Dodici per i richiedenti asilo ai quali, tuttavia, in ossequio a quanto stabilito dal decreto Cutro, è doveroso concedere un’occasione in più offrendo la possibilità di evitare il Cpr in attesa della definizione della pratica, a fronte di un bonifico di circa 5mila euro. Una giusta cauzione per scampare ai centri di permanenza, per il lusso di sfuggire alla detenzione.
“L’idonea garanzia finanziaria” – così la definisce la norma – per garantire allo straniero, per il periodo massimo di trattenimento, pari a quattro settimane (ventotto giorni), la disponibilità: a) di un alloggio adeguato, sul territorio nazionale; b) della somma occorrente al rimpatrio; c) di mezzi di sussistenza minimi necessari, a persona”.
Ovviamente, si saranno detti a Palazzo Chigi, perché la soluzione finale possa essere attuata è necessario, prima di ogni cosa, realizzare nuovi centri di permanenza, in numero sufficiente a rinchiuderli tutti, a debita distanza dai grandi centri urbani e dalle aree metropolitane, in luoghi isolati e a bassissima densità demografica dove è più facile esercitare il necessario controllo, dove ci sono pochi elettori.
Insomma, se non c’è verso di fermarli allora li arrestiamo e li nascondiamo in tanti centri di detenzione, tanti lager disseminati nelle aree interne, nei territori marginali, dove è più facile soffocare una sommossa senza passare per i tiggì, dove non c’è il rischio di rivolte popolari, di manifestazioni di piazza, dove il corpo elettorale di ogni comunità corrisponde a quello di un condominio della periferia romana o milanese.

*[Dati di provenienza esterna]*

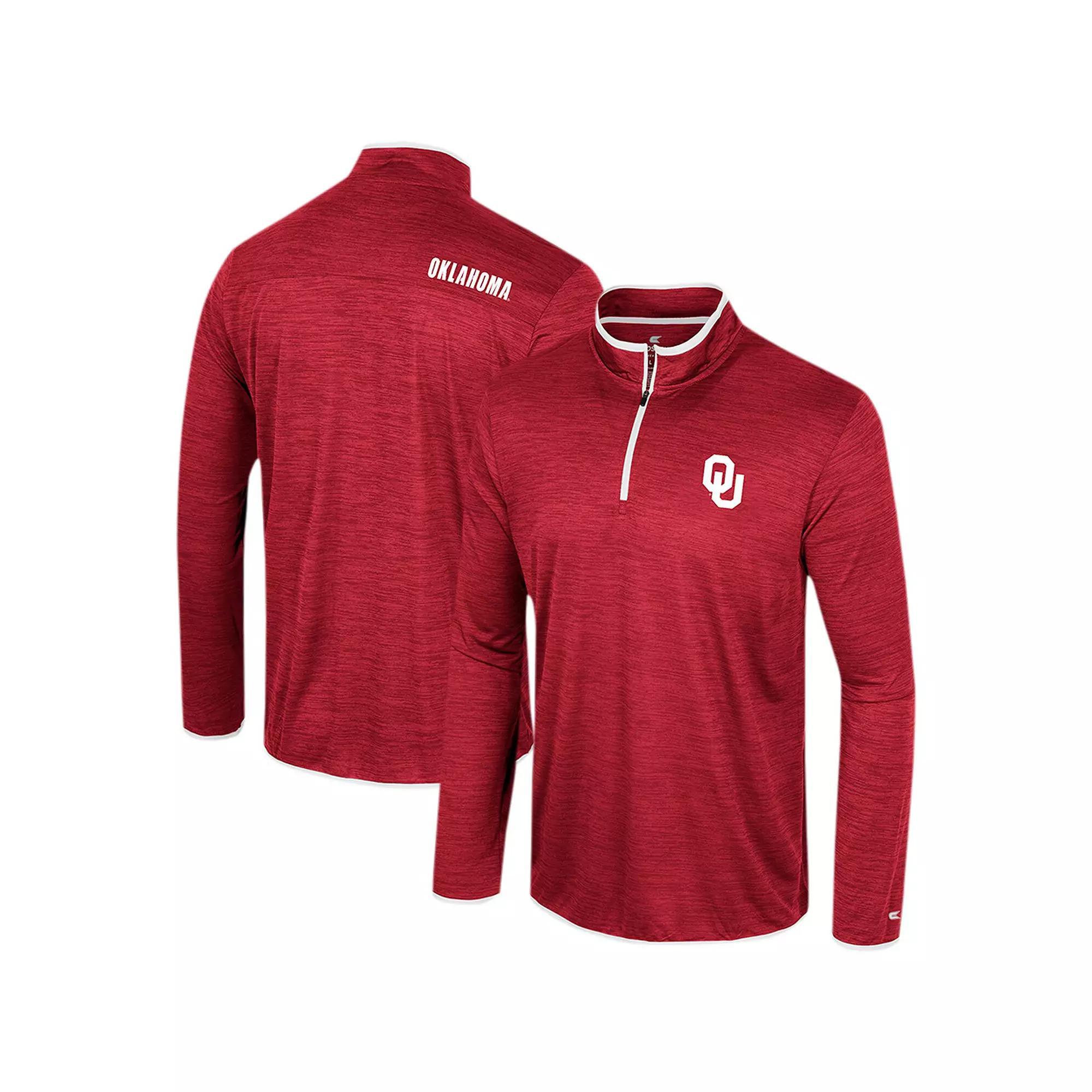 Men's Colosseum Crimson Oklahoma Sooners Wright Quarter-Zip Windshirt,  Product Image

La nuova Snai del governo Meloni, potremmo dire ironizzando. La risposta a due decenni di studi e di analisi sul futuro dei territori interni, di risposte inefficaci e dispendiose per provare ad arginare lo spopolamento, di chiacchiere al vento sul turismo lento, sulla valorizzazione delle risorse primarie da cui dipende l’esistenza stessa del Paese, sulle zone economiche speciali e sulla sfida infrastrutturale. Una risposta concreta e immediatamente attuabile per riconoscere alle aree interne una funzione strategica a servizio della nuova Italia patriota, a garanzia della sicurezza degli italiani.
E apparirebbe quantomeno strumentale provare a richiamare la vostra attenzione, cari lettori, su ciò che in questi lustri è accaduto, da Nord a Sud, nei territori dove dovrebbero essere realizzati i nuovi centri di detenzione per migranti illegali e richiedenti asilo poco abbienti. Porre l’accento sugli innumerevoli esempi di vera integrazione che si rintracciano nelle aree marginali e a bassa densità demografica, sulle ricadute del modello SPRAR, oggi SAI, sulla vita dei nostri borghi, vorrebbe dire cedere alla pretestuosa demagogia. Provare a raccontare come sono cambiati questi territori in questi anni, in che modo queste esperienze e questi percorsi hanno restituito vita e rumore alle nostre piazze desolate, iscrizioni alle nostre scuole, manodopera alle nostre imprese, percorsi di scambio e di crescita collettiva, vorrebbe dire teorizzare la sostituzione etnica pianificata, la resa dell’italica stirpe, il ratto delle italiane. Discendiamo dai romani, certo. Ma ‘sti millenni passati saranno pur serviti a qualcosa, o no?